I’ve done these analyses in R. We’ll start by loading in the packages used:

library("tidyverse") # for general data wrangling
library("gtools") # for permutations
library("rvest") # for webscraping
library("lubridate") # for working with dates
library("tidytext") # for working with text

By placing the unzipped Letterboxd folders into the working directory, we can easily identify the members of the analysis by detecing the folders in the directory which have a regular pattern.

members <- list.files(pattern = "letterboxd-")

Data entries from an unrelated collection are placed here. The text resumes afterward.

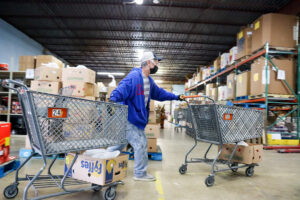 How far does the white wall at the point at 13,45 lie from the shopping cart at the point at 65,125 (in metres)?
8.50

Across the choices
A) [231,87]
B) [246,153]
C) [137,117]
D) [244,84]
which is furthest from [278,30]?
[137,117]

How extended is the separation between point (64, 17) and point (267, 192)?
360 inches

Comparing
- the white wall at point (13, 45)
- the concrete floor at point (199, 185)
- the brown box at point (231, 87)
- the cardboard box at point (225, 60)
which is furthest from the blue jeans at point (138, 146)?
the white wall at point (13, 45)

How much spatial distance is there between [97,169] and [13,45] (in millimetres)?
10504

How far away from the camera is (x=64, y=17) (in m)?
8.53

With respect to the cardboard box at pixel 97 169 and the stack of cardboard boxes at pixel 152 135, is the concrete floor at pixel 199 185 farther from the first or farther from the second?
the stack of cardboard boxes at pixel 152 135

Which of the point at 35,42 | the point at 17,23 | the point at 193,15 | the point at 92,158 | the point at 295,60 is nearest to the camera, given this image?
the point at 92,158

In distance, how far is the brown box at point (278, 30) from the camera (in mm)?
5273

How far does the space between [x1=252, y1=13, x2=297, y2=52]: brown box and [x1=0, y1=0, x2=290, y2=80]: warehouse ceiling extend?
1.82 metres

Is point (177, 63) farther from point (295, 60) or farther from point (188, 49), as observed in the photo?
point (295, 60)

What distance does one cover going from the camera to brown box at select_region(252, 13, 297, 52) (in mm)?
5273

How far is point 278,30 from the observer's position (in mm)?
5359

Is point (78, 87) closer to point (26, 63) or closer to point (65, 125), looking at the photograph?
point (65, 125)

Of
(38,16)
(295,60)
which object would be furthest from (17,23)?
(295,60) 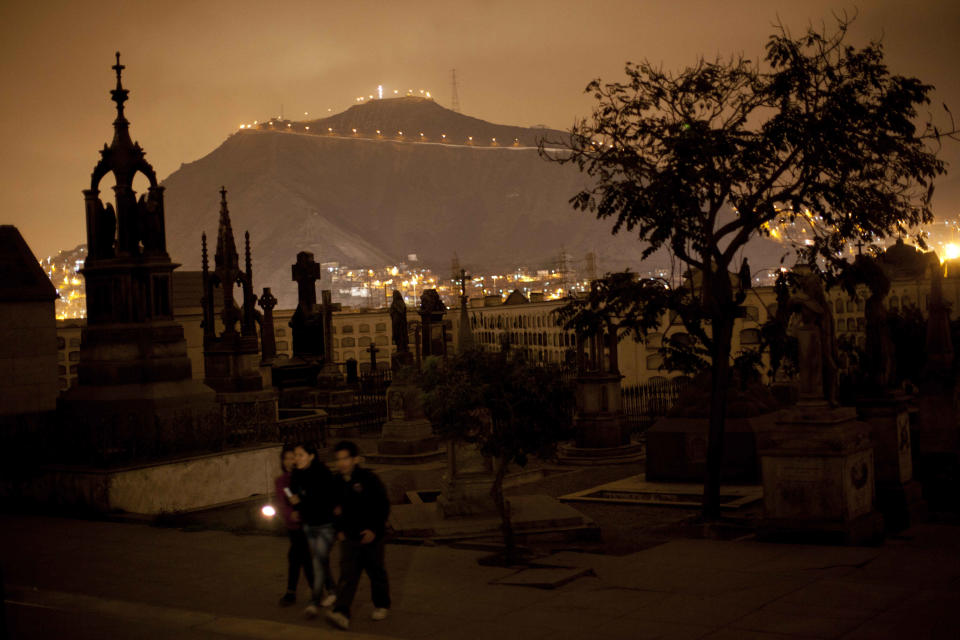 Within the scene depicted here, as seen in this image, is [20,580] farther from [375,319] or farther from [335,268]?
[335,268]

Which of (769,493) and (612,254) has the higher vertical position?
(612,254)

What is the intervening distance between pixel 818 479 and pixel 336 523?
5.86 metres

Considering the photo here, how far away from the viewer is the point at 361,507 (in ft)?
25.1

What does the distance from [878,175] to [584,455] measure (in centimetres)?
1017

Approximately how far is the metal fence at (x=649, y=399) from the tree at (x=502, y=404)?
17560 millimetres

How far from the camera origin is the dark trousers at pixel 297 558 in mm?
8367

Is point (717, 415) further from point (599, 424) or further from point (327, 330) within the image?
point (327, 330)

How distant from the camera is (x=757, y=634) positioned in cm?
723

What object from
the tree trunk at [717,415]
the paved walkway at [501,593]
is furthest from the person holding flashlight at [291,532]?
the tree trunk at [717,415]

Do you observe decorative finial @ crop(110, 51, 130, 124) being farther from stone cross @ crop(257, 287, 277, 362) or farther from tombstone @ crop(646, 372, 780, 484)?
stone cross @ crop(257, 287, 277, 362)

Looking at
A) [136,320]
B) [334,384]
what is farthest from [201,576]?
[334,384]

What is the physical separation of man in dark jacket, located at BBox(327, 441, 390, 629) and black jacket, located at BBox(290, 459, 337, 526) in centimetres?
22

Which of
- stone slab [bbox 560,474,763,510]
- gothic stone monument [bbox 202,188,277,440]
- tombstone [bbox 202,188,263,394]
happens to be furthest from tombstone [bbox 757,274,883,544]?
tombstone [bbox 202,188,263,394]

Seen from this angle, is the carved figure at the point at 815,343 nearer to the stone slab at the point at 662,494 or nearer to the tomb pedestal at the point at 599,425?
the stone slab at the point at 662,494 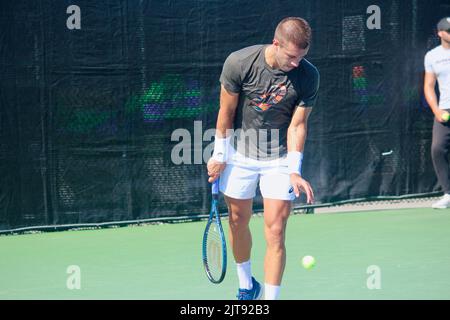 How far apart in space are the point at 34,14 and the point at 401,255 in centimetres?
379

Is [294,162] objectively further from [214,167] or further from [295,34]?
[295,34]

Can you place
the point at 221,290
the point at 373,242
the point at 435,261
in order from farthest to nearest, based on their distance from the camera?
the point at 373,242, the point at 435,261, the point at 221,290

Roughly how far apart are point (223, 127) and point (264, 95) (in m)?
0.33

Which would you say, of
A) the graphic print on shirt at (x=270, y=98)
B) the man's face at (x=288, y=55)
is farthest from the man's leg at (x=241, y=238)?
the man's face at (x=288, y=55)

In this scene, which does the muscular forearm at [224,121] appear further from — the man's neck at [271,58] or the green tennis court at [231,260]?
the green tennis court at [231,260]

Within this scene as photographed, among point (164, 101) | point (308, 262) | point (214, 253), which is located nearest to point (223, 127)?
point (214, 253)

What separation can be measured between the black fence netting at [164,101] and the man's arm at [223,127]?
9.59 feet

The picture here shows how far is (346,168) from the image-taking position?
9438 mm

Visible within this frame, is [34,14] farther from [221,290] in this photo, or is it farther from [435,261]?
[435,261]

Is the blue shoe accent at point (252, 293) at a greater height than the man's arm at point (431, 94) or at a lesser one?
lesser

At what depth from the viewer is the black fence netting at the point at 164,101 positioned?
820 centimetres

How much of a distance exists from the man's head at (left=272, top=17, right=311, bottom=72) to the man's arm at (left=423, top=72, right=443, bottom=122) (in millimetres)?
4135

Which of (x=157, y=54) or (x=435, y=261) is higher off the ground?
(x=157, y=54)

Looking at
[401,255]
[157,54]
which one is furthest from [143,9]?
[401,255] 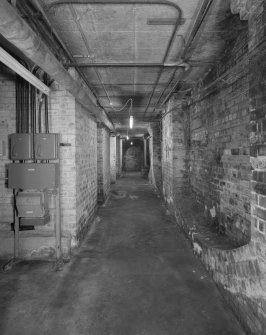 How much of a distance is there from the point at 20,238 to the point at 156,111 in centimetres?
633

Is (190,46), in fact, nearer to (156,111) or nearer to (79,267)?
(79,267)

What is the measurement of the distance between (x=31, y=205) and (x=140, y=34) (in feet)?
9.42

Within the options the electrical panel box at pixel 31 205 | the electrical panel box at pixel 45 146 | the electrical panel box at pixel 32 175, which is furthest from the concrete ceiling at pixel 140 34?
the electrical panel box at pixel 31 205

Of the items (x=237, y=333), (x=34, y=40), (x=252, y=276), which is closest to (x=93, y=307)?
(x=237, y=333)

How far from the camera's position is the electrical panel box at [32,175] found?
356 centimetres

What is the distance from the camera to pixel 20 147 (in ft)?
11.8

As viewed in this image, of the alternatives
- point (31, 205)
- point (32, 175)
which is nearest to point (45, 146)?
point (32, 175)

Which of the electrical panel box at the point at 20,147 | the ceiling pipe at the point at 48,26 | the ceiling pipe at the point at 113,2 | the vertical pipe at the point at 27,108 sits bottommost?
the electrical panel box at the point at 20,147

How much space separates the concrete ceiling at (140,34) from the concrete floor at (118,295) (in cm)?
318

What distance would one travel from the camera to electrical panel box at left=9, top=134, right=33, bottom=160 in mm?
3584

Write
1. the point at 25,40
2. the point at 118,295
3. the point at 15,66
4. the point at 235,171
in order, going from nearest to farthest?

This will allow us to create our first data frame, where rows represent User-Film pairs of all the films the users have ever watched. We’ll also go ahead and add some basic information on the number of people who have watched each movie, and highlight those which all users have seen, only one user have seen, and all minus one user have seen. At this point, one might want to edit the User column so the values are more readable instead of the full file names, but in order to keep the code as flexible as possible, I have not done so here.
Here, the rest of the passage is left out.